Late? That was a laugh. But Emily nodded. “It’s been four or five months now.”

The doctor didn’t seem surprised -or at least her eyes were calm. “Were they regular before?”

Emily closed her eyes impatiently. Of course they were regular. What was she getting at? She took a deep breath. “Yes.” And then she opened her eyes and stared out the window.

“I see,” said the doctor. But Emily didn’t believe her. Her eyes were too steady to be real; nobody was that calm. Dr.Heath wrote something in the chart then looked up again. “Any other symptoms?” She actually smiled when she said that, but Emily was not taken in.

“Maybe you should just examine me, doctor.” It was a simple statement, made calmly, quietly, but the doctor’s expression immediately changed.

“I’m afraid I’ll need to know a few more things about you before we get to that.”

“I’ve filled in the form, so it should all be in there, doctor,” she said confidently. You had to get control of these things early.

Dr. Heath stared at her intensely for a moment, obviously deciding what to do, then shrugged and pointed to a narrow door that Emily had not noticed when she entered. The doctor looked smaller now -pale even. “You’ll find a gown on the table in there. Please undress from the waist down. I’ll be there in a moment.”

It was long moment and Emily could hear voices through the door, but not clearly enough to understand. The doctor’s though, sounded excited, agitated. Had she made the doctor uncomfortable? Emily thought about it for a moment and then rejected the notion: she’d been civil. They were both adults.

The examining room was cold but she stripped to her underwear and sat on the examining table huddled under the flimsy gown. Soon it would be over. Should she tell Bill? He would eventually find out, she realized, but could she count on his support? She chuckled at the thought.

Dr. Heath suddenly appeared at the door, smiled wanly, and asked her to  lie back. “Where does it hurt, Emily?” she said softly.

Emily lifted her head. “Hurt? Who said it hurt?”

The doctor straightened her shoulders a little. “I’ve talked to Dr. Brock.”

“You had no right…” she started, tears forming in her eyes. “What I told him was… just between us.” But she realized how silly that sounded and looked down at her feet.

“Emily, Dr. Brock was concerned. I’m concerned.”

“You had no right,” she repeated, fighting back a sob. “I suppose my husband talked to you as well…” The doctor nodded. “You’re all trying to make it all so… so abnormal,” she said grabbing for her clothes. “Can’t any of you accept it for what it is?” Her cheeks were wet now.

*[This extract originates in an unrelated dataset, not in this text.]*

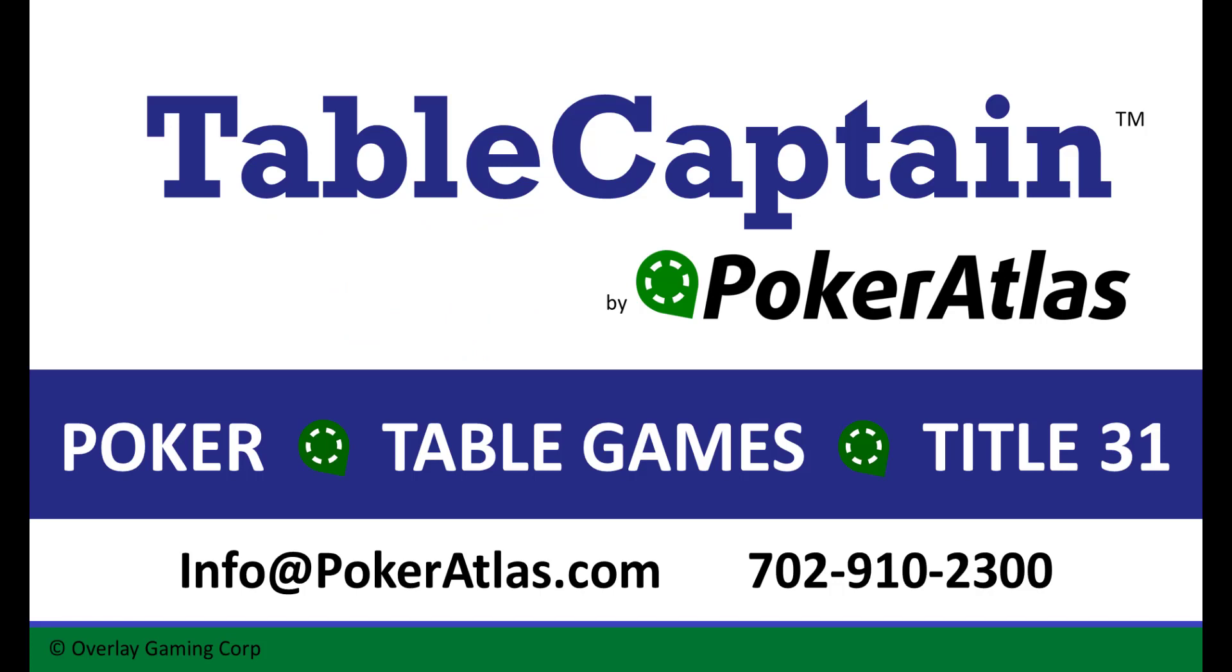That wraps up our Title 31 tracking and reporting video. Thank you for watching and stay tuned for more videos from Poker Atlas.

Dr. Heath didn’t move. “What is it Emily?” she said in a soft, sad voice. Emily glared at her and finished dressing. “What is it?” she repeated and grasped her shoulders.

Emily broke free and forced her way past the doctor. “A miracle,” she said between sobs.

“Emily!” There was no mistaking the tone this time. “Emily I’ve talked with your doctor…”

She was through the door but she stopped by the window, near the doctor’s cluttered desk. The cars had their lights on now and it was raining; the sky barely cleared the tops of the buildings. Why was it always like that, she wondered.

“Emily, please listen to me…”

But she just shook her head. Tears rolled gently down her cheeks and she made no effort to wipe them away. Why should she listen? She was living with the proof right here in her abdomen. Her hand reached involuntarily for the palpable swelling growing quietly inside. There. It moved again; she was certain it did. Nothing they could say or do would convince her otherwise. Perhaps another doctor… Yes, that was it, another doctor -an older, more experienced one this time.